Numerical Investigation on the Thermal-Hydraulic and FIV Characteristics in LBE-Cooled Helical Cruciform Fuel and Wire-Wrapped Fuel

Abstract The lead bismuth eutectic (LBE) cooled fast reactor in one of the General 4 advanced reactors, which plays significant role in the nuclear fuel cycle. In the recent years, the wire-wrapped fuel with four wires surrounds the cylindrical fuel is developed and promoted, which may be accept by the LBE-cooled fast reactor. The helical cruciform fuel of the Lightbridge corporation has similar geometrical features with the wire-wrapped fuel. The cross-section of helical cruciform fuel consists of the convex blades and the concave elbows, and the cross-section is rotated around the axis. The blade and elbow of helical cruciform fuel function as the wires while they are part of the nuclear fuel. In the present work, the comparison on the thermal-hydraulic and flow-induced vibration (FIV) characteristics of the helical cruciform fuel and wire-wrapped fuel is carried out by numerical simulation.
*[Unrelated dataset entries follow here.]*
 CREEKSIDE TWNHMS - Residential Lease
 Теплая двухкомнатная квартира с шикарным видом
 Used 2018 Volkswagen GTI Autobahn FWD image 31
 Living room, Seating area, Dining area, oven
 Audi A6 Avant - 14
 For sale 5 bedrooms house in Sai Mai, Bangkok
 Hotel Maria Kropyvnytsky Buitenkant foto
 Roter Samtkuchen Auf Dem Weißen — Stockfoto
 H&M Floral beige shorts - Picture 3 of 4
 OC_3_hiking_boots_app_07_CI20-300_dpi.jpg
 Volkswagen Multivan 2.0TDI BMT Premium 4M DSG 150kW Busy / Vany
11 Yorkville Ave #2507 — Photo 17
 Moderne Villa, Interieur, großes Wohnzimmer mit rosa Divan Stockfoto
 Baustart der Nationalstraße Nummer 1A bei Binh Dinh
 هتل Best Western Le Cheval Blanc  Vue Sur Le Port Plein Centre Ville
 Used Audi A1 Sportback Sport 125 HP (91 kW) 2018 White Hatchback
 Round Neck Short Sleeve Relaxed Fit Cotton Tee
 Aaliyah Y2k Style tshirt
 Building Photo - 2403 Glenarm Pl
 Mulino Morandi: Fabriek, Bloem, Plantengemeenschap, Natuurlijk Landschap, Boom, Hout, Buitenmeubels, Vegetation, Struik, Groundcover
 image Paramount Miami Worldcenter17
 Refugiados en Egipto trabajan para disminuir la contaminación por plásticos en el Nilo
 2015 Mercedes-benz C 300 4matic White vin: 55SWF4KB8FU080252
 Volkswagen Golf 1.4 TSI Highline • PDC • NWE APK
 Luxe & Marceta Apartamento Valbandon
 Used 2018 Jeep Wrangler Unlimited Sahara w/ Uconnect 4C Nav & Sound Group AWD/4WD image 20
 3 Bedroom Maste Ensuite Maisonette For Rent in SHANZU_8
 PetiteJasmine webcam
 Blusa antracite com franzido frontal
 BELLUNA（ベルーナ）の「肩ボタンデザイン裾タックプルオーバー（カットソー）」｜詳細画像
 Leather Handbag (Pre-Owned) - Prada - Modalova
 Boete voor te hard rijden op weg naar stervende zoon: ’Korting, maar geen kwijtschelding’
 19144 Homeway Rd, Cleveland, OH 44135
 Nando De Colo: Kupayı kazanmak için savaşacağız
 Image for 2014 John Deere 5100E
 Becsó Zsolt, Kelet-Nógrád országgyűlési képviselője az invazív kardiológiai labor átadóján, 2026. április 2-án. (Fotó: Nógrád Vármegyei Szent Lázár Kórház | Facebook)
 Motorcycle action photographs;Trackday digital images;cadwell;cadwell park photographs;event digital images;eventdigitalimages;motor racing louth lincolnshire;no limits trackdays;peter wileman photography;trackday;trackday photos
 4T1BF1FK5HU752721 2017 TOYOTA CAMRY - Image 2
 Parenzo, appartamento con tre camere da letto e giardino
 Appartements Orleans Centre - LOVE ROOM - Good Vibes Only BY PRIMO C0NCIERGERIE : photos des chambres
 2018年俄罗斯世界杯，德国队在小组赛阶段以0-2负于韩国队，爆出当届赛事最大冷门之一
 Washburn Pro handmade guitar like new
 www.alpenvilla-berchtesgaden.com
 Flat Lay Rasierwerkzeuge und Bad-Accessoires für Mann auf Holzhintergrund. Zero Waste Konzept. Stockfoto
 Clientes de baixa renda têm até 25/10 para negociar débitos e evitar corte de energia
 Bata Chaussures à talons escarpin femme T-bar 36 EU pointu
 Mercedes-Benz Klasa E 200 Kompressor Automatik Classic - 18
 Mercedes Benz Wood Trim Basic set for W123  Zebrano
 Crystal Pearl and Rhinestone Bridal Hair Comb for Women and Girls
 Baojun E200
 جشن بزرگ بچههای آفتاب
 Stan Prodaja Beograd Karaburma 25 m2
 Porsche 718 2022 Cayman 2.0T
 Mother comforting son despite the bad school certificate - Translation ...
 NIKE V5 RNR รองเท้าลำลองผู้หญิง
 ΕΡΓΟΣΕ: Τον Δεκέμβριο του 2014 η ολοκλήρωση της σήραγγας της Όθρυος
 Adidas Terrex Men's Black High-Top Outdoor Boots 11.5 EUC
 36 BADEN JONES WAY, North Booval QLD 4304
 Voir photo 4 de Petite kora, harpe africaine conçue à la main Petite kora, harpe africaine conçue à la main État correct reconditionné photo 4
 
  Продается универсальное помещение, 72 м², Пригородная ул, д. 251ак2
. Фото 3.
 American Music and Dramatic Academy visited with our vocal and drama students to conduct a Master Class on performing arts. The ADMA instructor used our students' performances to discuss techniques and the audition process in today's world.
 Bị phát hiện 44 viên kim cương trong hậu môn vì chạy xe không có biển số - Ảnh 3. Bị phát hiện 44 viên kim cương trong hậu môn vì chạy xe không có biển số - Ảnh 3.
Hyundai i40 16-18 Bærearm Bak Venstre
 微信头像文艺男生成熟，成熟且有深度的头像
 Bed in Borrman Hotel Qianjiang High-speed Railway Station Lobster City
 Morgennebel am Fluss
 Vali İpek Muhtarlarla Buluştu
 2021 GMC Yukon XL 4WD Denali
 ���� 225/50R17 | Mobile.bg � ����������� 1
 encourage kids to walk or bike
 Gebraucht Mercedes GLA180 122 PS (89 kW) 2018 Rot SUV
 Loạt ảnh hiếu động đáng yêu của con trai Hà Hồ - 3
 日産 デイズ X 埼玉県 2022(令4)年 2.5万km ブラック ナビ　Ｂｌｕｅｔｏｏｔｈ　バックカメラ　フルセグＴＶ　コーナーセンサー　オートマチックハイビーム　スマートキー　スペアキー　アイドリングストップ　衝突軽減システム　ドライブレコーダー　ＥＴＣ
The fluid-structure interaction is solved by the coupling between the fluid and solid domains, and the transient turbulence fluctuation is solved by large eddy simulation (LES). The results show that the convective heat transfer is enhanced by the spiral structures even though the hot spot phenomenon is caused simultaneously. The hot spot temperature of the helical cruciform fuel is larger than the wire-wrapped fuel duo to the non-uniform distributed heat flux. As the coolant in the flow channel is blocked by the blades and wires, the directional transverse flow is generated and thus the transverse mixing is enhanced. The one-way mixing with opposite direction occurs in the two sides of the single rod. There are similarities in the FIV characteristics for the spiral shaped fuels. The maximum vibration displacement and dominant vibration frequency of the helical cruciform fuel and wire-wrapped fuel are almost the same.